What does it mean to be a child of God? It means that your daddy is the biggest, strongest daddy on the block. Think of Isaiah’s vision, seeing God as high and exalted, wearing a robe that filled the temple by itself. Think of a father, sitting in a chair at home, with a little child looking up at him from the floor. His big hands on the armrests. His kicked-off shoes look like boats. 


This isn’t someone to fear, though. He’s big, he’s strong; he loves you. Paul says it so well: “The Spirit you received” - God’s Holy Spirit, who comes to you in baptism - “the Spirit does not make you slaves, so that you live in fear again; rather, the Spirit you received brought about your adoption to sonship. And by him we cry, “Abba, Father.”


Those two words are Aramaic and Greek (although our Bibles translate the second one into English). Why two words? In the early Christian church, the believers often wrestled with how Gentiles, non-Jews, became part of God’s family. The Galatian church, to bring them up again, fell into an error, telling Gentiles that they needed to obey the ceremonial laws of Israel. Paul says, No! Again, in the portion referenced in your folders, “There is neither Jew nor Gentile; you are all one in Christ Jesus. If you belong to Christ, then you are Abraham’s seed,” you are part of Israel, that means! “And you are heirs according to the promise.”


Here, in Romans, Paul repeats that thought. Whether you are Gentile or Jew, whether you speak Greek or Hebrew or Spanish or Tagalog, you get to call out to the one seated on that throne, “Abba! Pater! Papa! Dad!” 


To be a child of God means that you have a home. Somewhere where you can count on a bed, a place to rest and lay your head. That rest may be spiritual, the rest we enjoy as we gather to hear God’s Word. That rest may be physical. As a child of God, you have siblings. Brothers and sisters. If you lack a roof over your head, God’s other children are here for you. If you go hungry, let a brother or sister never say to you, “Hope things get better.” Things will get better, because we will feed one another! We are family. 


To be a child of God means that you are loved, and that you love. This is why Jesus tells his disciples to baptize and then teach obedience. That’s how life works. That’s how we grow up. We are born. We learn from our parents right and wrong, good and evil, love and hate. The work of a parent is to train up children in what is right, good, lovely. To show them how to reject what is wrong, evil, hateful. 

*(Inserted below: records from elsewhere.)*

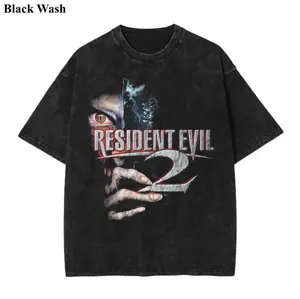 Resident Evil 2 Vintage Wash Tee, Resident Evil T-shirt, Retro Y2K Horror Game T-Shirt, Game Graphic Tees, Unisex Shirt, Game Gift For Fan, Menswear Womenswear Crew Neck Oversize Fit Heavy Cotton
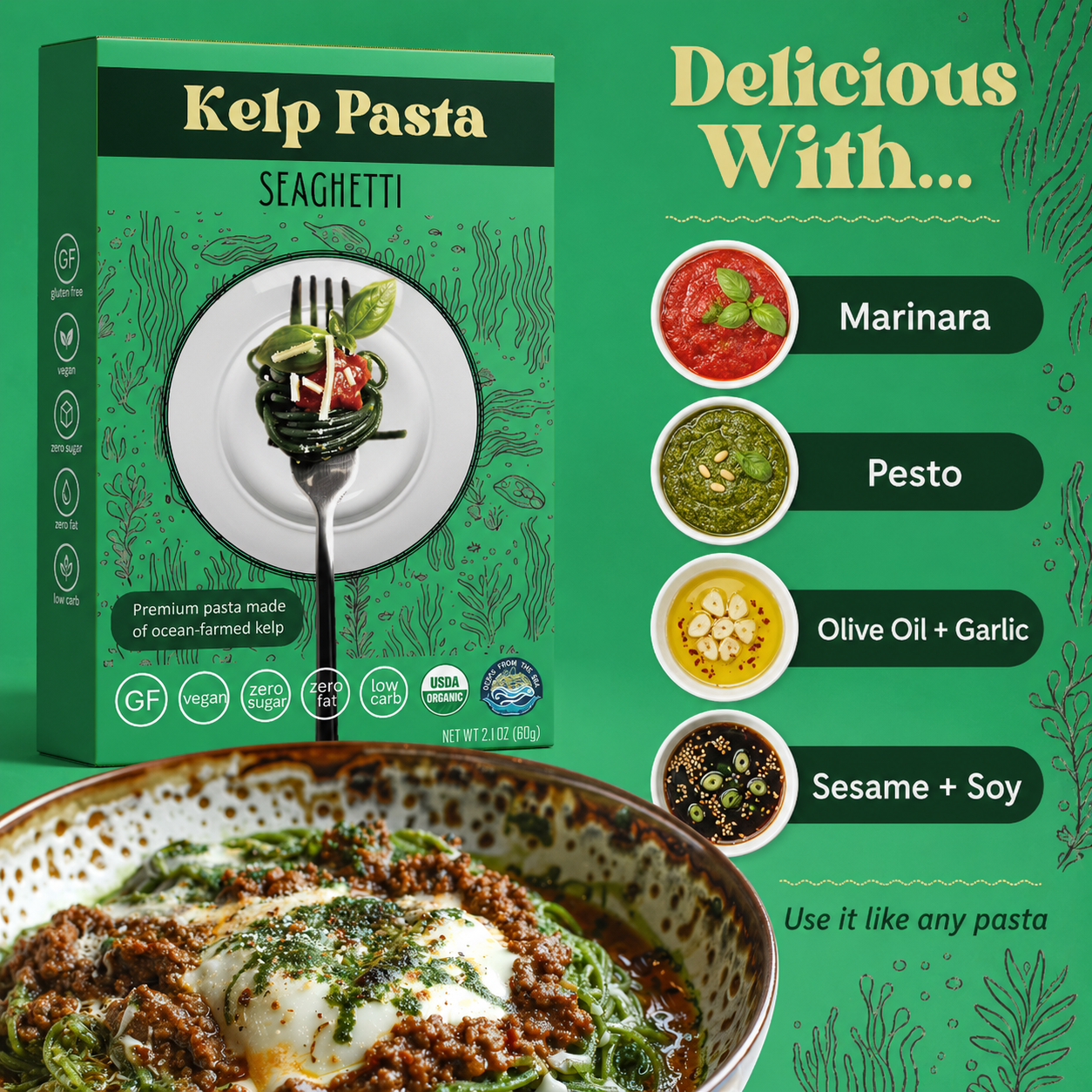 Seaghetti Kelp Pasta - Gluten-Free, Vegan, Organic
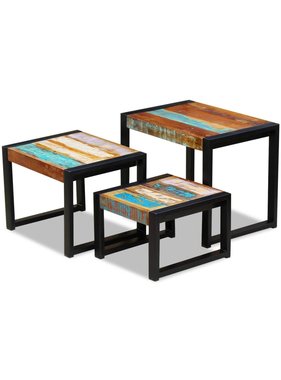 VidaXL 3-delige Tafeltjesset massief gerecycled hout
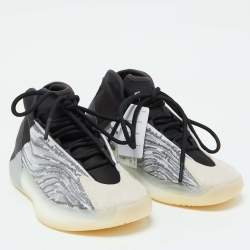 Pre Owned Yeezy x Adidas Grey/Black Knit Fabric and Neoprene QNTM Quantum Sneakers Size 41 1/3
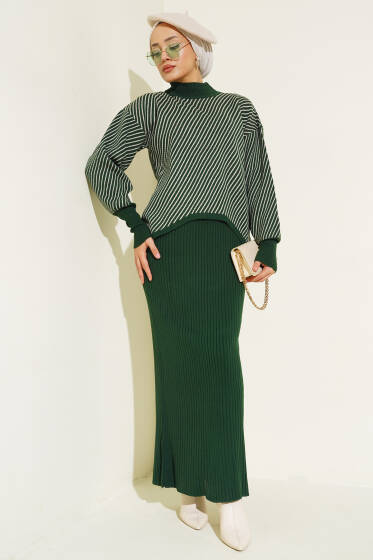 Yatay Çizgili Jileli Triko İkili Takım Zümrüt - İkili Takım
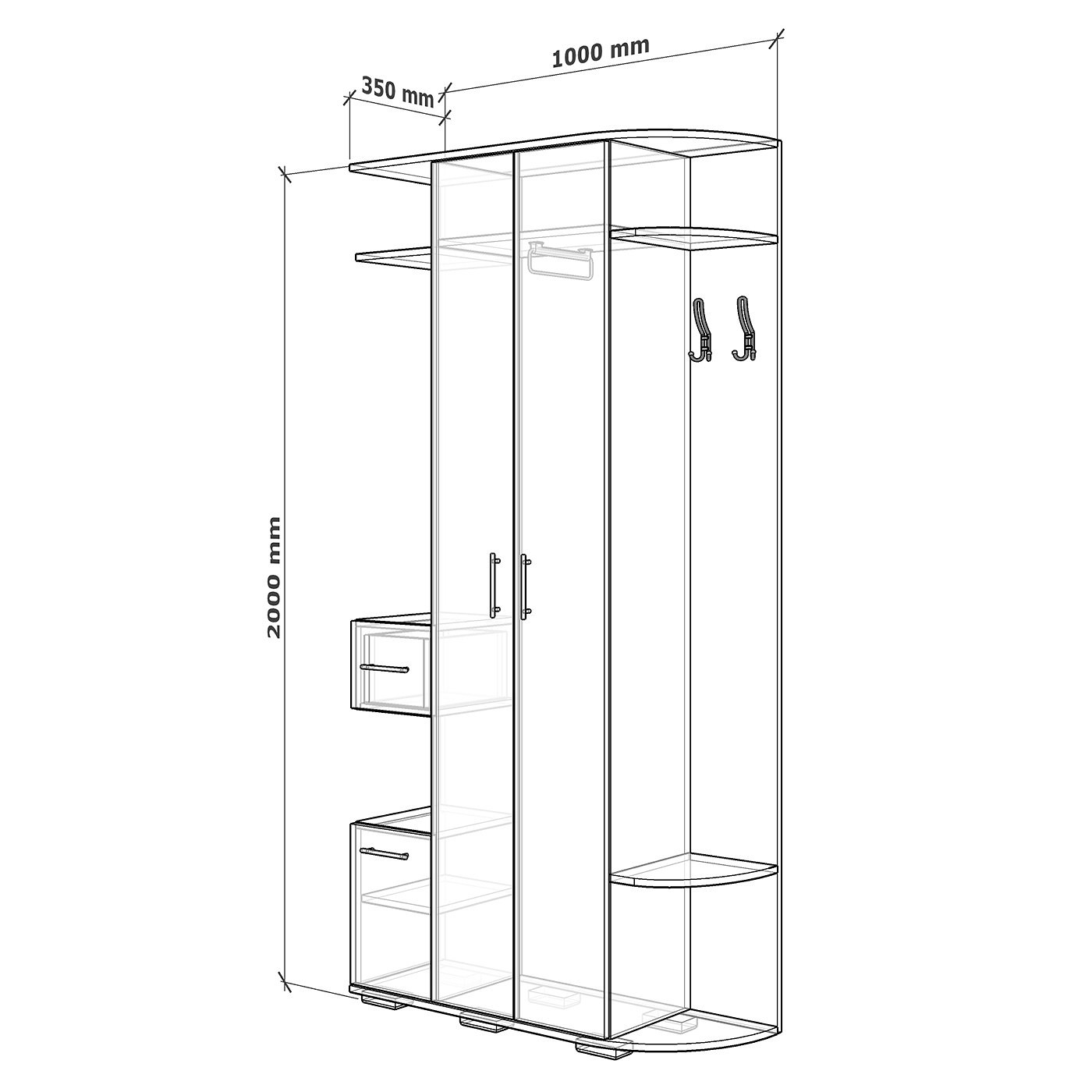 Прихожая Виза-400e современный белый - фото 2 large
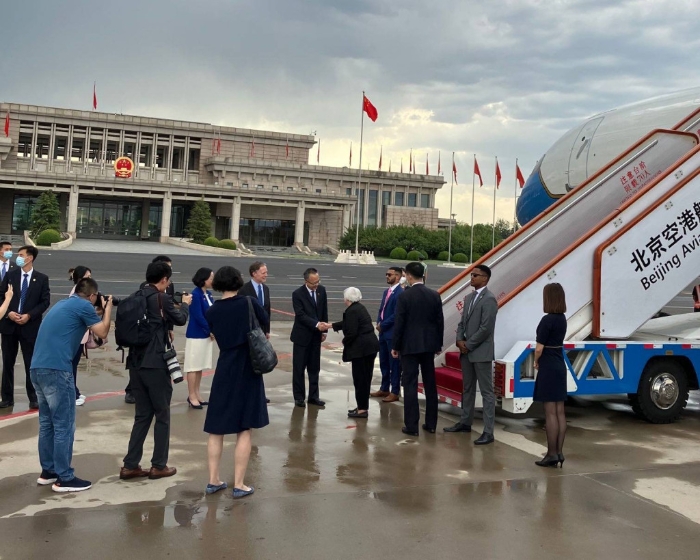 美國(guó)財(cái)長(zhǎng)耶倫（Janet Yellen）已抵達(dá)北京首都機(jī)場(chǎng)。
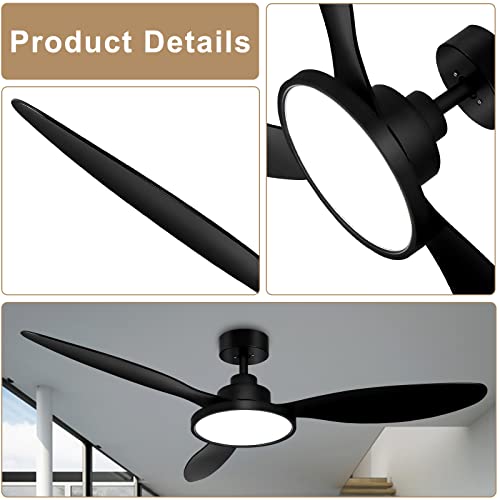 Ohniyou 52 Inch Ceiling Fan With Light And Remote Control, Black Outdoor Ceiling Fan For Patios, Modern Industrial Indoor Dc Motor 3 Blade Ceiling Fan For Living Room Bedroom Gazebo Restaurant #TOP1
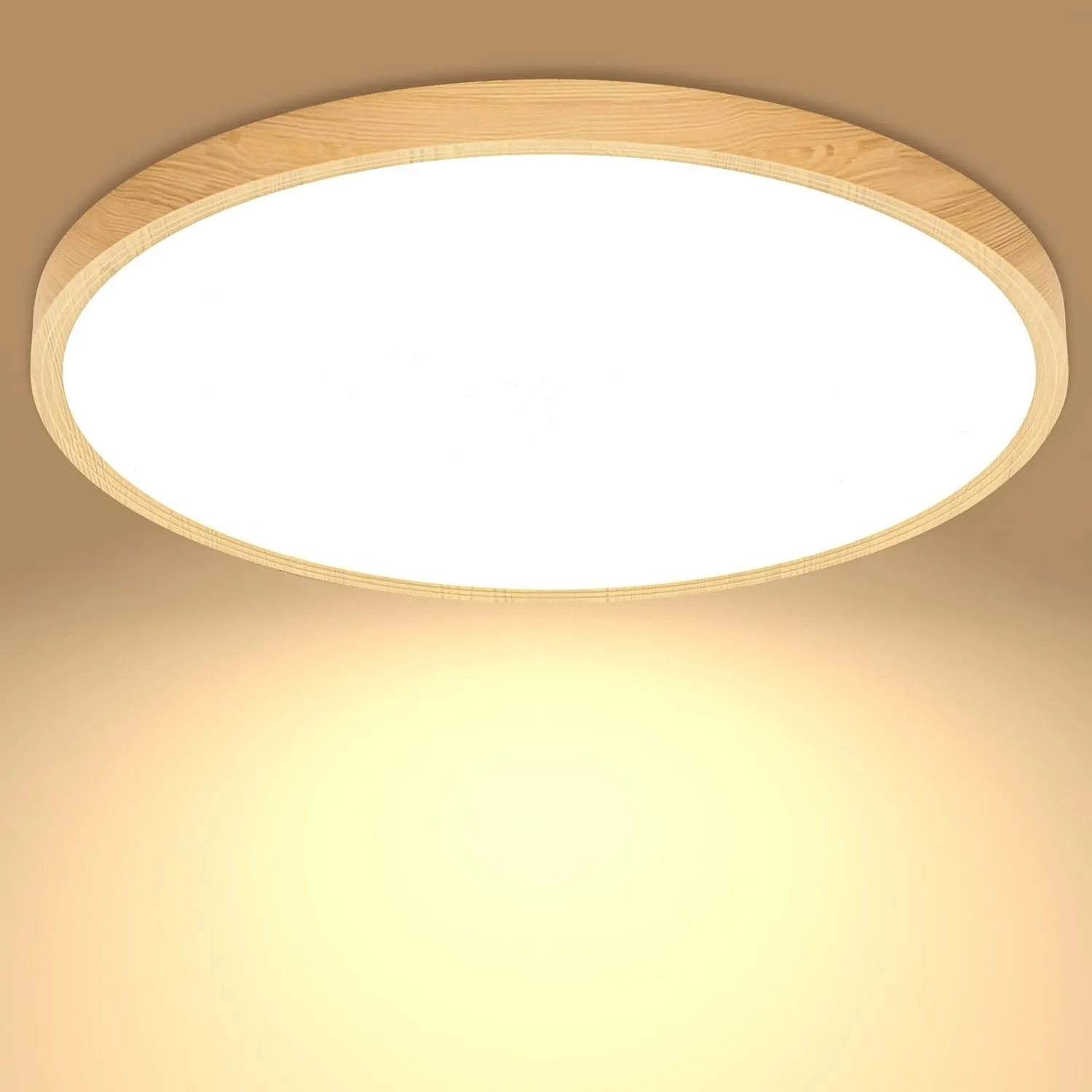Deckenlampe Led Deckenleuchte Holzoptik Lampe, Flach Rund Badlampe Decke Ø30CM 24W 3000K 2400LM Warmweiss Wohnzimmer fü…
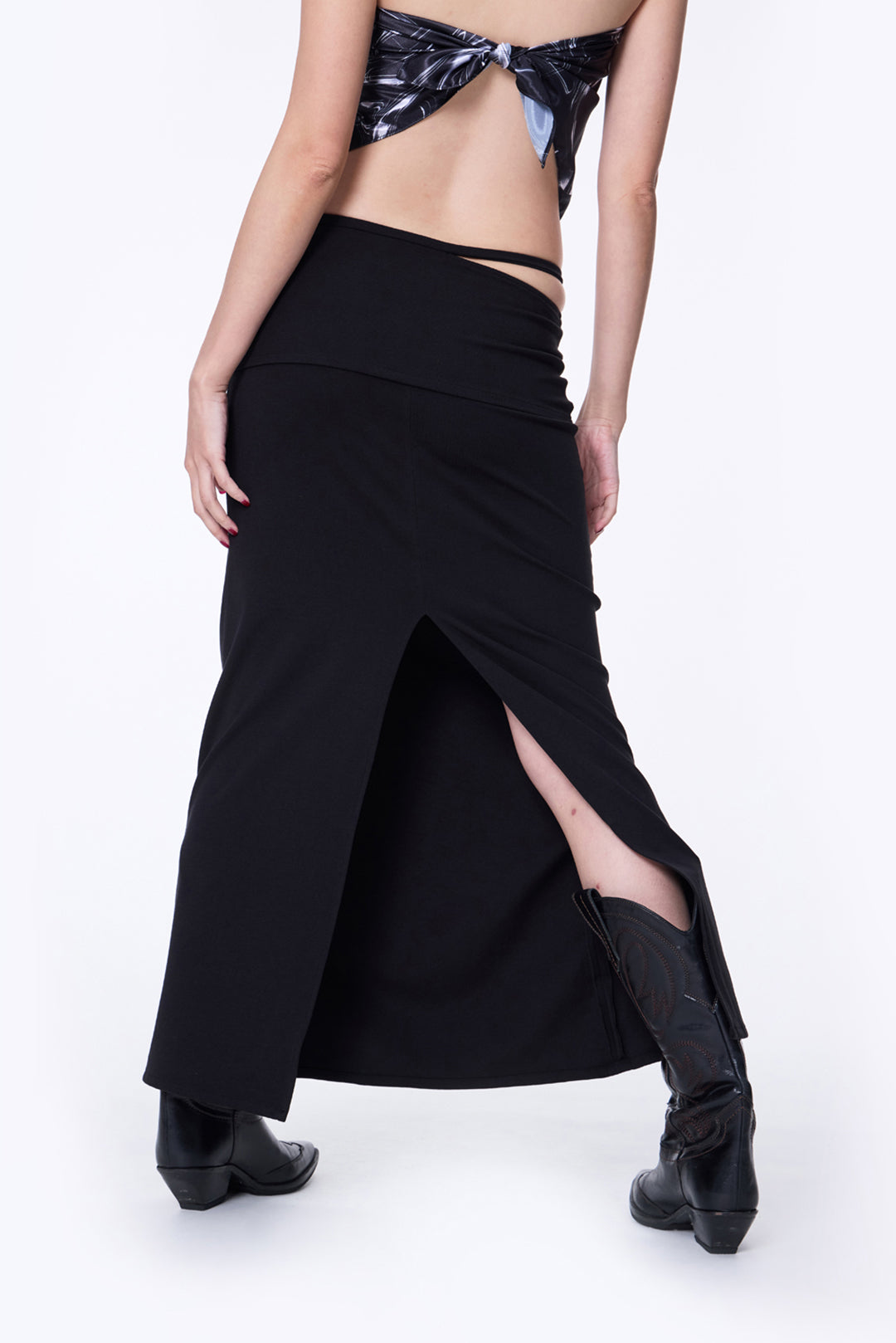SILVER NINE - 2-Way Detachable Draped Maxi Skirt - Black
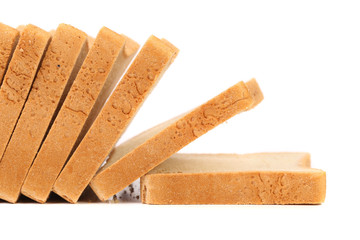 Sliced bread isolated on white background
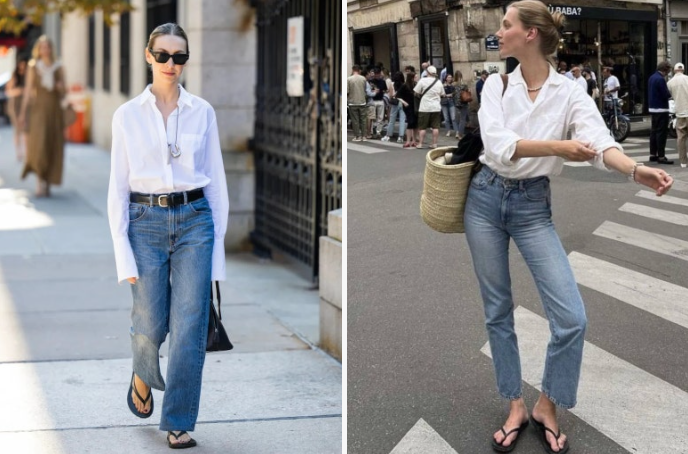 Woman wearing fitted ivory knit top with dark wide-leg jeans and black flip-flops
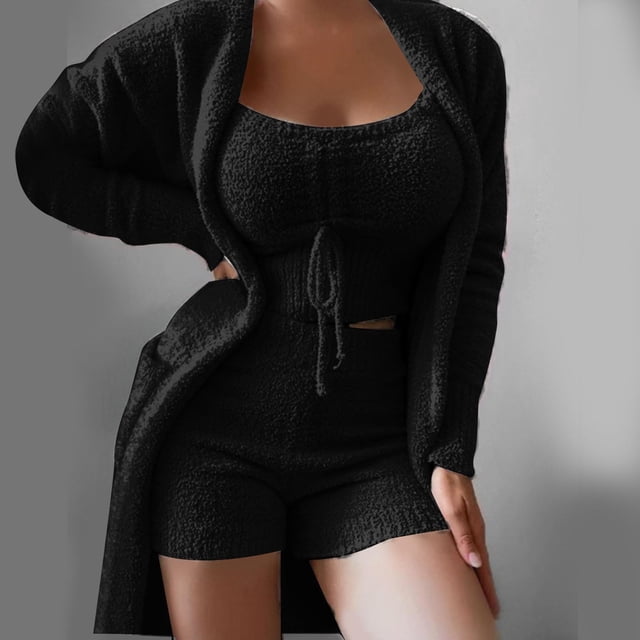 Birdeem Pyjama Mode Femme Slim Dentelle Taille Élastique Manches Longues Décontracté Trois Pièces
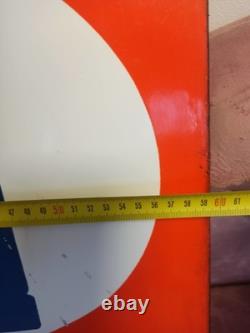 Plaque émaillée publicitaire ancienne Total, grande enseigne vintage rétro déco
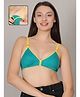 Fabme Cotton Knit Solid Non Padded Seamless Maternity Bra With Side Open Nursing Access - Green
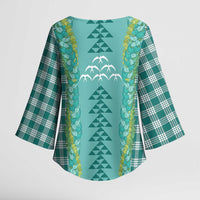 Teal Palaka Hawaii Iwa Bird Kimono Sleeve Blouse Hawaiian Kakau Jade Vine Lei - Polynesian Pride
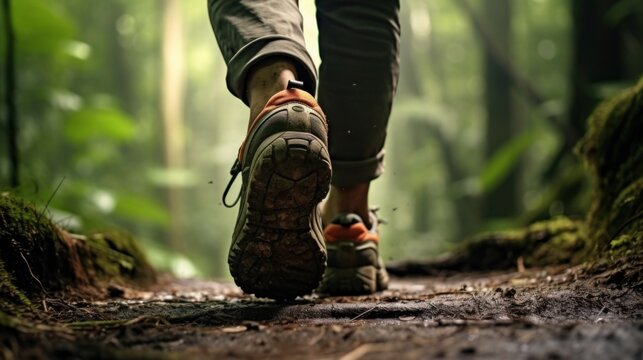 close up shoe back view hiker walking in rainforest.generative ai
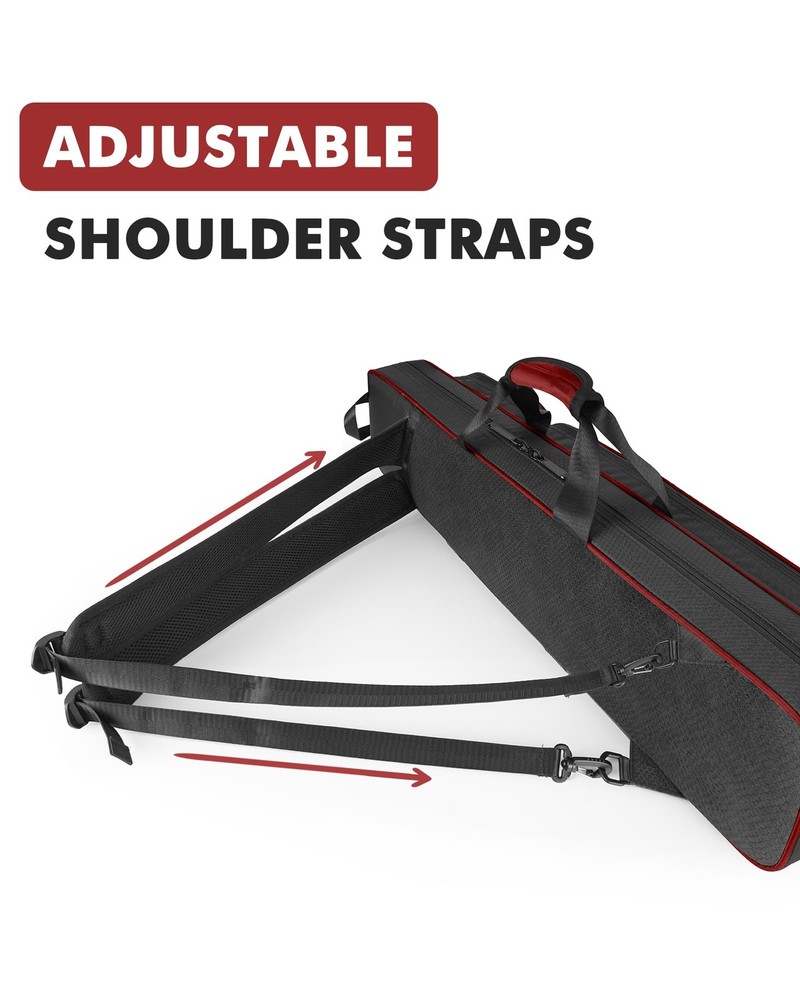 Pool Cue Case 4x5, Stick with Red/Black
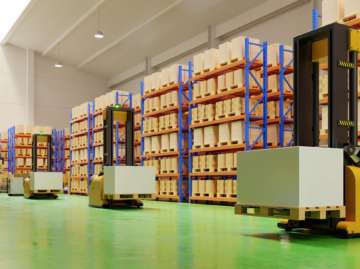 AGV Forklift Trucks-Transport More with Safety in warehouse,3D rendering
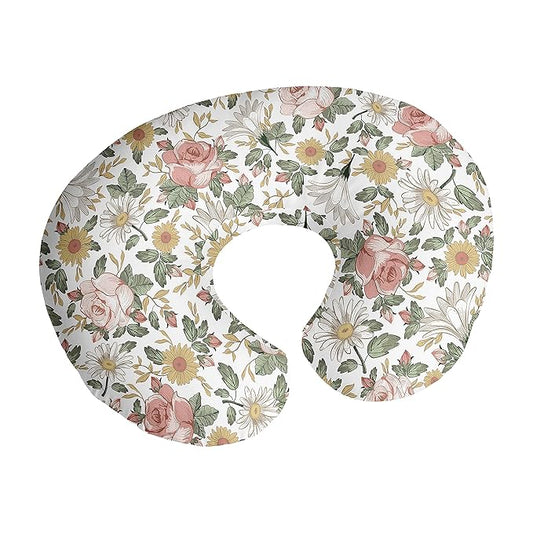Sweet Jojo Designs Vintage Floral Boho Nursing Pillow Cover Breastfeeding Pillowcase for Newborn Infant Bottle Breast Feeding Pillow NOT Included Blush Pink Yellow Green Bohemian Shabby Chic Farmhouse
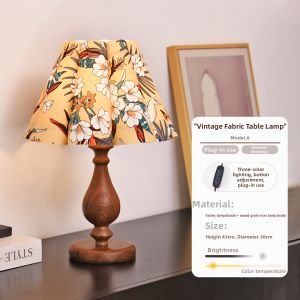 SHIGUANGSUIDAO | Traditional Chinese New Style Wood Textured Cloth Lamp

When we are reborn of water and the Spirit into the family of God, as God’s children, we also start learning right and wrong. Human parents don’t teach this perfectly. I don’t. As we tell our kids about right and wrong, we also show them examples of both. They see us engage in love; they also see us sin.


We see no such thing in our Father in Heaven. He is holy holy holy. We know what he is like because we have Jesus’ life recorded for us in the Bible. The apostle Philip asked Jesus, the night that he was betrayed, “‘Lord, show us the Father and that will be enough for us.’ Jesus answered: ‘Don’t you know me, Philip, even after I have been among you such a long time? Anyone who has seen me has seen the Father.’” 


Jesus shows us what our Father is like. Jesus calls us into life like his own, calls us into being co-heirs and co-sufferers with him. To suffer is simply to live as Jesus did. To love when love is not always reciprocated. To share when thanks is not always forthcoming. To do such things because we know that our good and gracious Father cares for us. Will provide us with all we need, and so much more than we deserve or could even imagine. Therefore we need not fear. “Father welcomes all his children to his family through his Son. Father giving his salvation; life forever has been won.” Holy, holy, holy is our God! Amen and amen.